A few days later back came a friendly reply, remembering the review but not the reviewer. [Hmmm, serves me right.] He was still taking an active interest in Queensland rail, even though (as I learned afterwards) he has lived in England for 40 years. I left matters at that until I managed to squeeze into the Gulflander tour. I then wrote again to Mr Knowles and we had a longish exchange about our life stories, mutual concerns and my impending journey. He’s an interesting man – all the rail buffs know him and his work, and I gather he has stirred up a few of them along the way. One day I might compile a piece about him.

He sent me off to the Gulf with: “Normanton now has no transport function, and is properly equipped and maintained for what it does, rather than living off its fat from its early years, so its true eccentricity has gone. It is of course eccentric (as is the whole line west of Kuranda) in being a preserved railway, with virtually no local population to use it or take an interest in it.” He added that the Normanton-Croydon line was currently having its first re-lay in its 125 years, at a place called Golden Gate near Croydon, where leakages from old gold ore treatment plants had attacked the rails and sleepers. Extraordinary. How did he know that, from 17,000km away? Ken didn’t mention it, or at least I didn’t hear it if he did.

I suggested to John that he might like to read The Traveller, and in his latest message he gave me a nice lift: “Nor does my heart hum! Let me know pls when after the trip it appears on your blog.”

So here it is, John – 33 years in the making. I hope you like P.G. Wodehouse, too. My leg still itches.
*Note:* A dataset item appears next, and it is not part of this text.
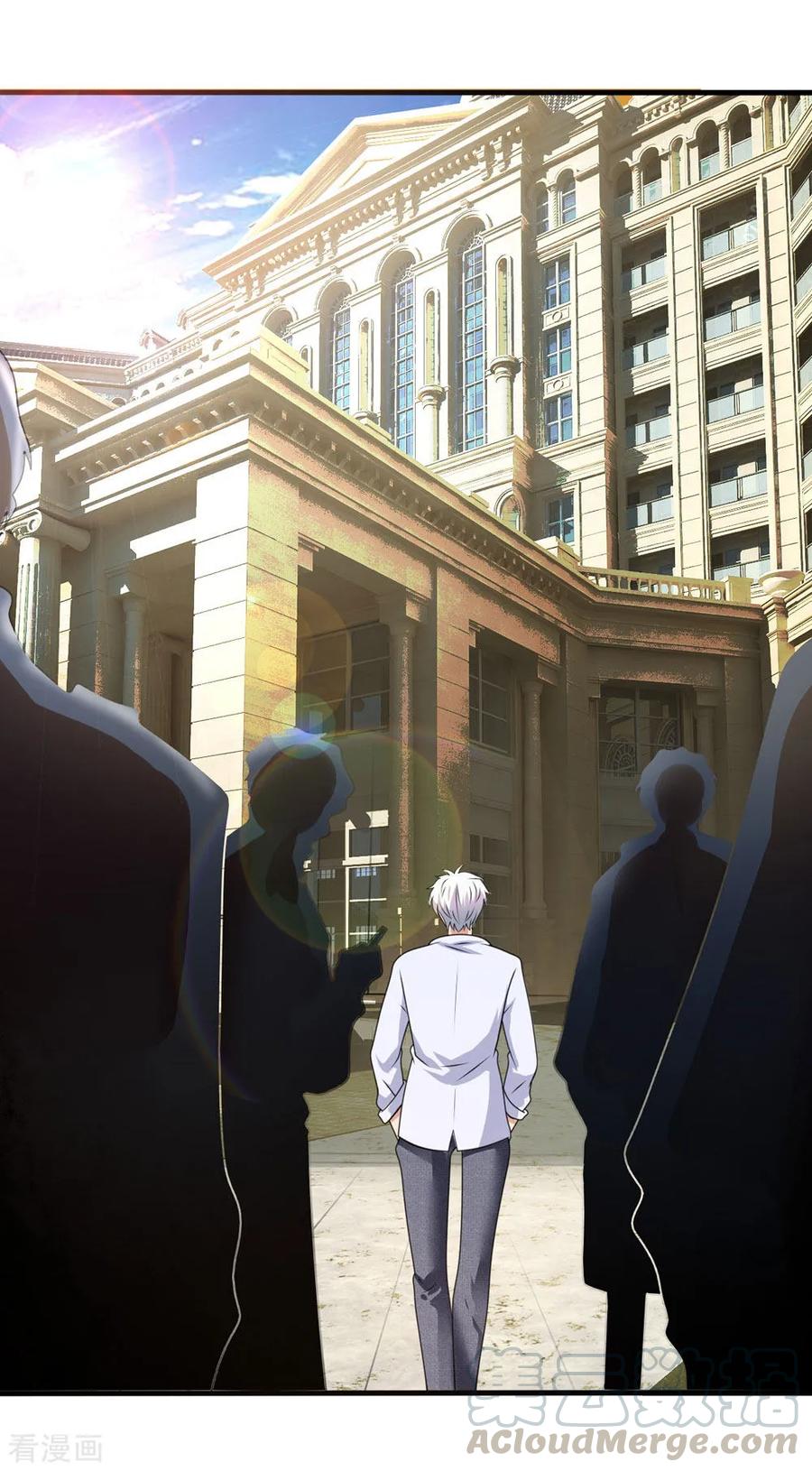 第105话 顶级拍卖会0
10 thoughts on “Un-itched in the Gulf

  1. Love those unballasted lines. I think the pre 1972? Ghan might have been such a system, but with termite attractor ties. But I am really itching to let you know of the circa 1881 short-lived South Australian Glenelg to Marino Rocks line, the dilapidated Running Shed of which was very near my grandmother’s home at Somerton. This line ran along Moseley Street from the Jetty Road terminus of the Adelaide to Glenelg line, then at Whyte Street turned on to the beach at Somerton Park, thence running unballasted along the beach itself.

    Liked by 1 person

    • Not ballasting railways of course limits their capacity but I guess that in many places, where roads were non-existent, it was a choice between a line and no line. And we should not forget that metro and tram lines are mounted on concrete and rubber — not a shovelful of ballast in sight. What is more amazing is that the basic technology of the permanent way out side the metros has not changed since the earliest days. Even the high-speed lines of Europe and Japan are still that technology.


  2. What Ho, Noel. I know Queensland’s reputation for being outdated, but I had never before associated this with anything so… charming and quaint. Well done for putting this on record.
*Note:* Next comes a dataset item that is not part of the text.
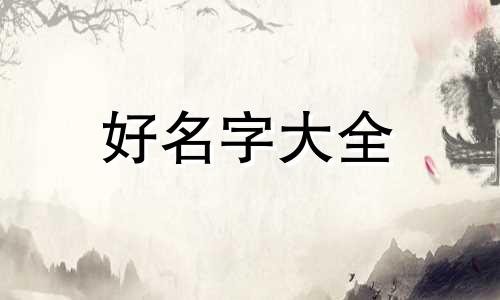 如何笔画起名好听一点的名字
    On matters private and personal, I have tried to email you (by reply to your email) but delivery to your address failed for some unfathomable reason. Would you mind emailing me again with your contact details?

    Liked by 1 person

  3. What a lovely post!

    I was interested to read that ‘the Gulf Development Road runs parallel to the railway for much of its length’. Plans were mooted by Warrington Council recently to tackle the hideous rush hour traffic problems to the east of the town by spending (presumably) millions of pounds in considerably widening the road. This is despite the fact that a railway runs exactly parallel to the route, with a station in the suburb cited and another in the town centre – journey time between the two, around four minutes.
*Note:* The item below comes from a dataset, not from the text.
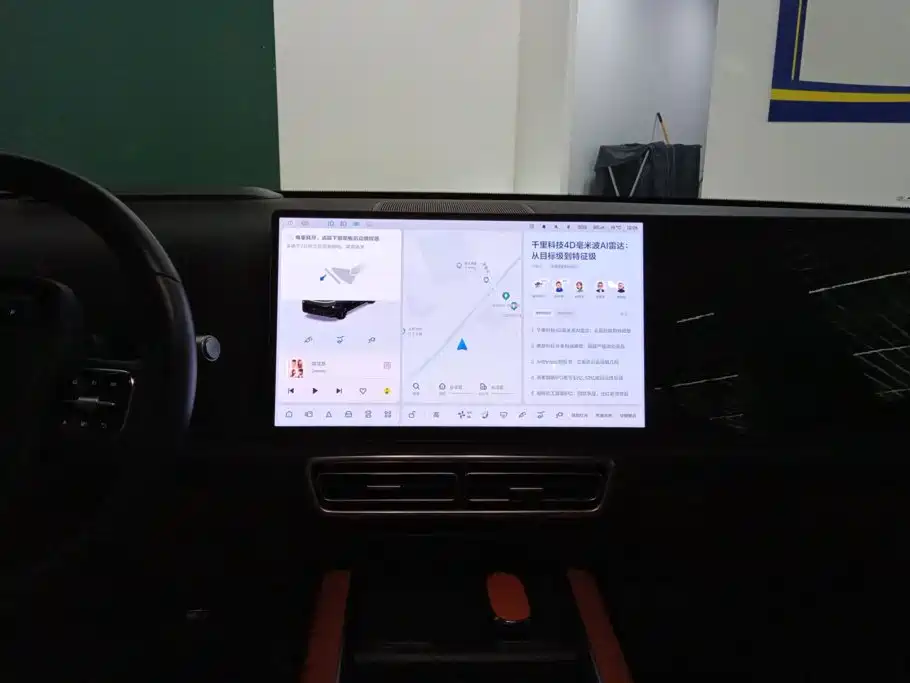 Li Auto Li L9 — миниатюра 13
    But then Warrington is very pro-car.

    Rather sad when you consider it had the first branch line in the country (one of my many posts that hasn’t yet seen the world’s light).

    Liked by 1 person

    • Dear Victoria, I’m sure Warrington is a lovely place, especially with you living in it, and won’t be improved at all by a wider road running next to a perfectly useable railway line. Probably needs a few thousand square miles of scrubby bush, flood plains and crocodiles to round it out.

      Liked by 1 person

      • Warrington *was* a lovely place – considered a very good example of a Georgian market town in the 1950s, with a main shopping street considered second only to Chester and a still gas-lit Victorian market hall in the 1960s, on a 500 year old site with little winding streets around it reminiscent of York today.

        It was part of the last wave of New Towns in this country, even though by then it was realised they didn’t work, and huge areas of the town centre were demolished and then split off from one another by very wide roads leading to out of town developments that drew shoppers away from the town centre, whilst bemused inner-city Mancunian communities were fractured and transposed to housing estates with no facilities on prime agricultural land outside the town.

        Warrington once supported four theatres, and now has none; there is only one tiny museum, and none at all to do with the town’s central role in railway history; and the main library, the first rate-supported library in the country, is being closed.

        We’re already on a floodplain, so, with the current rate of demolishing buildings to make surface carparks, I think all we’re actually lacking are the crocodiles.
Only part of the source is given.